Prosecution and defence gave their closing addresses today in the HighCourt at Auckland. Justice Geoffrey Venning will sum up tomorrow morning. He has indicated he will address the jury for an hour or so. That sounds about right; it was a tragic and bizarre event, "off the grid" as defence lawyer Adam Couchman put it, but in many ways it wasn't that complicated.
Eli Epiha has admitted killing Constable Matthew Hunt. He denies the attempted murder of Constable David Goldfinch, who he shot at 10 times with a semi-automatic rifle that has a passing resemblance to an AK-47.
"It just happened," Epiha told Crown prosecutor Brian Dickey. It wasn't the strongest defence ever heard in a Kiwi courtroom.
"It didn't just happen," Dickey said. "You pulled the trigger, fired, reloaded the magazine, fired, and so on and so on."
In any case Epiha is going down. He has always known this. He said it in front of Natalie Bracken, the driver of the getaway car. He phoned a family member as they left the scene of the crime and said, "I'm going away for 12, 14, 16 years."
But the real mystery of the case is Bracken. As the co-accused, her role in the trial has been like a kind of sub-plot, or post-script, to the main event of Epiha running around with an assault rifle and shooting at cops. Why did she drive him away? She thought he looked familiar but she didn't know him. He thought he'd seen her around but couldn't place her. But when they came face to face on the street just after Epiha had opened fire on two policemen, she found the keys to her car, he jumped in the passenger seat, and off they went. Who does that?
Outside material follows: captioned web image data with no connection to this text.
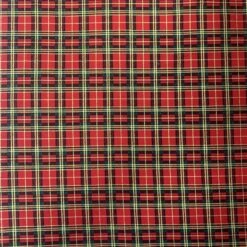 Christmas Tartan - Red 5 Christmas Tartan - Red -Croft Mill Store christmas tartan red pattern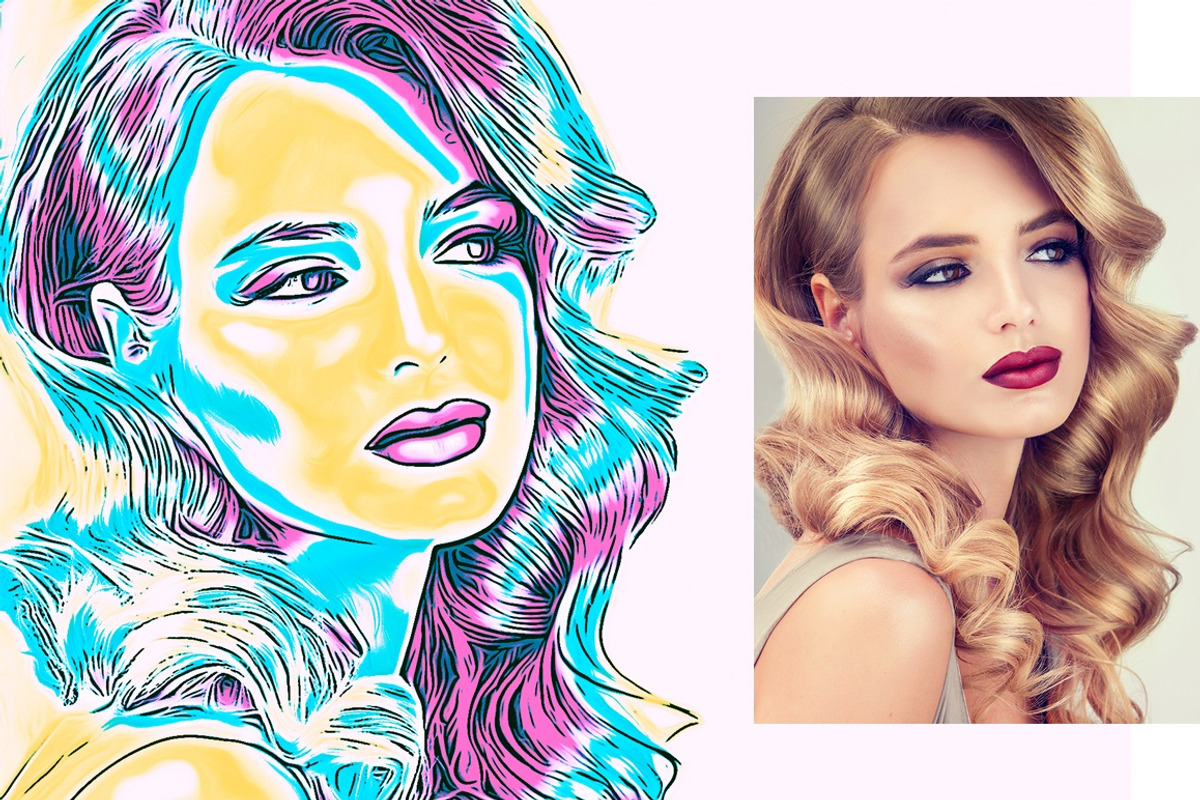 Art Photoshop Action, an Action Add-On by MRI STUDIO (Photo 2 of 11)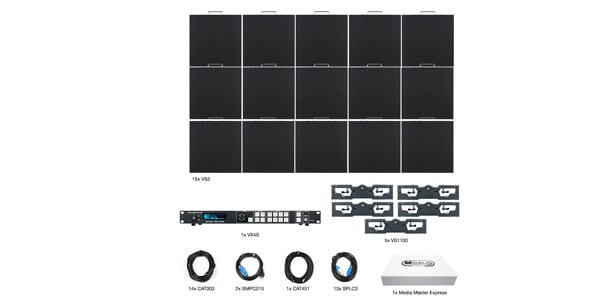 AMERICAN DJ / VS3 5X3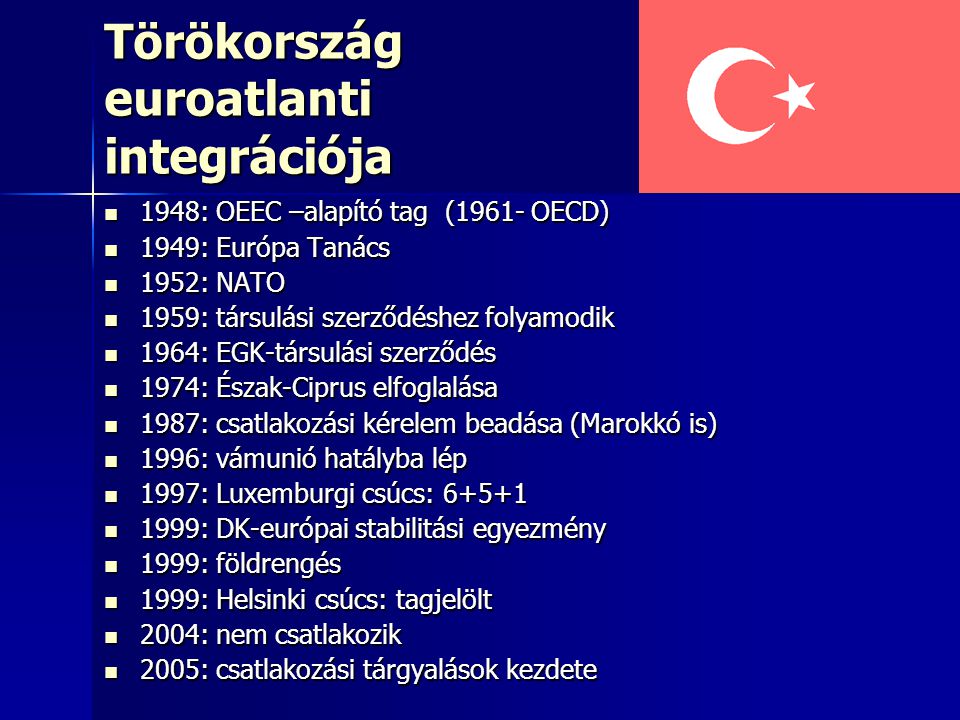 Törökország euroatlanti integrációja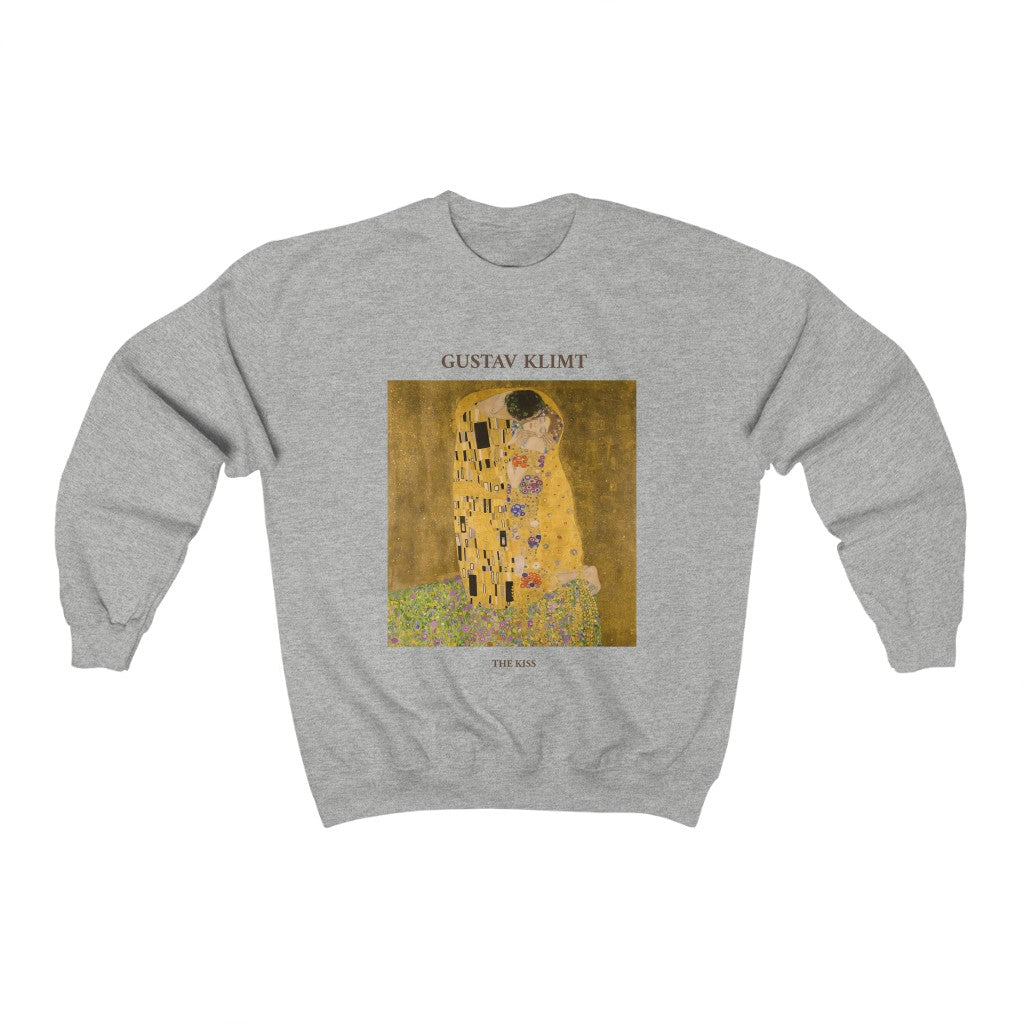 Gustav Klimt The Kiss Sweatshirt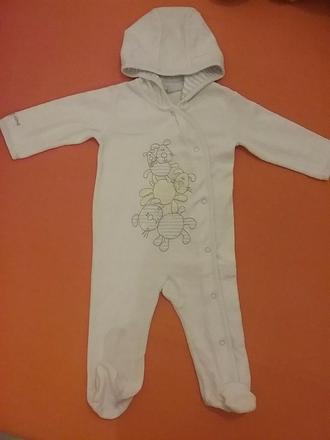 Biely overal, cherokee,68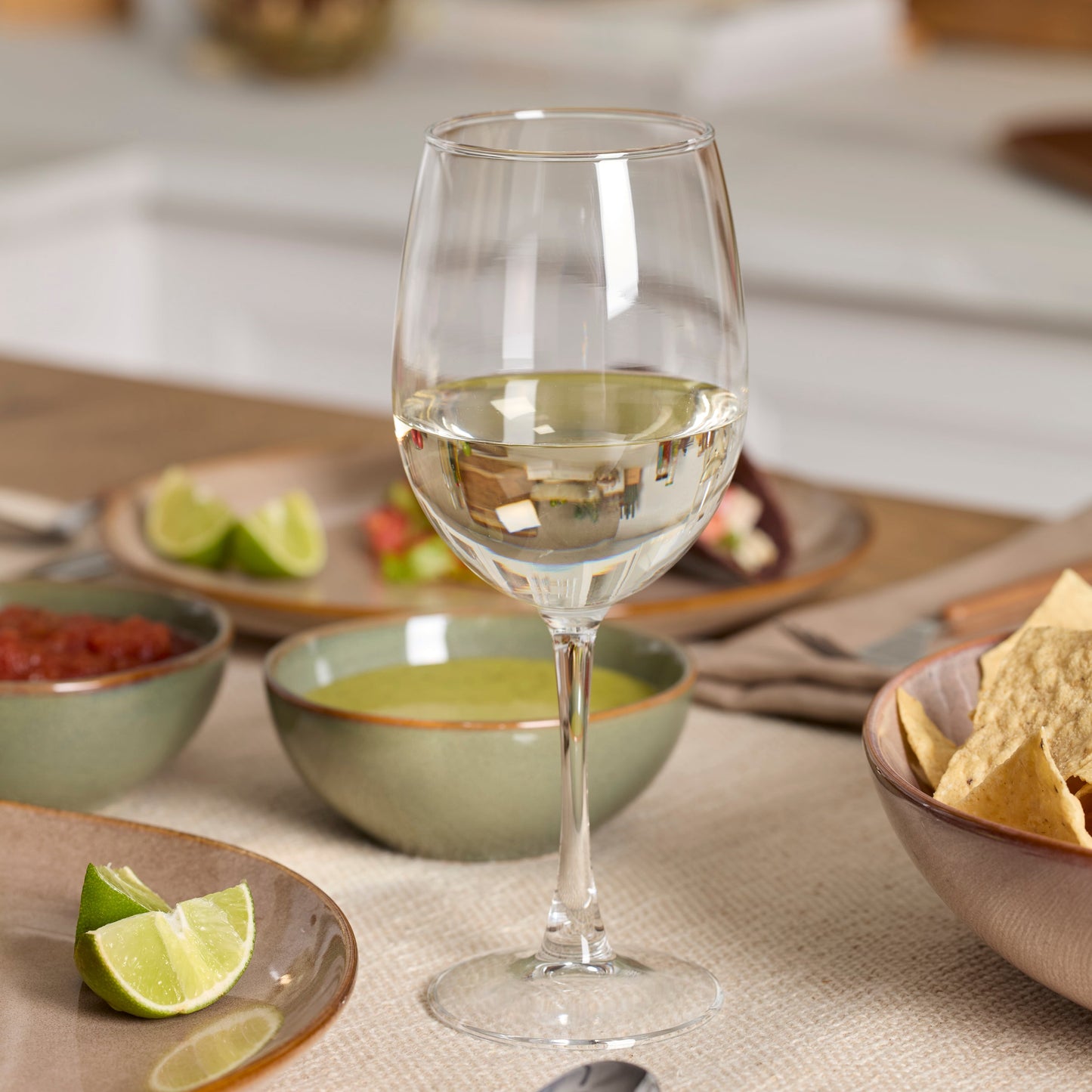 5 O'Clock All-Purpose Wine Glasses, Set of 4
Her lawyer, Adam Couchman, improvised with a lurid short story. "Imagine," he said to the jury, "that I picked up a gun and blew the back of Brian Dickey's head off." And then, Couchman continued, he would ask the jury for someone to give him a ride. "Are you going to say no to me?" But he made his point. Epiha, waving his gun around after having shot at two cops; Epiha, demanding a ride ... "She believed she was helping everybody," he said. "Her purpose was not to enable him to escape but to prevent further carnage."
Couchman liked the sound of that word. "There would be carnage! Why wouldn't there be?"
It capped an awesome day in court for one of the best Jamaican-Canadian defence lawyers in NZ — very well, the only one. When the trial began, Bracken was charged with accessory after the fact of murder. Today, her lawyer succeeded in amending it to a lesser charge: Accessory after the fact of wounding with intent. He argued Hunt wasn't actually dead when she drove Epiha away.
You might describe it as an ingenious technicality. The result that counts the most, the verdict, might be delivered tomorrow afternoon.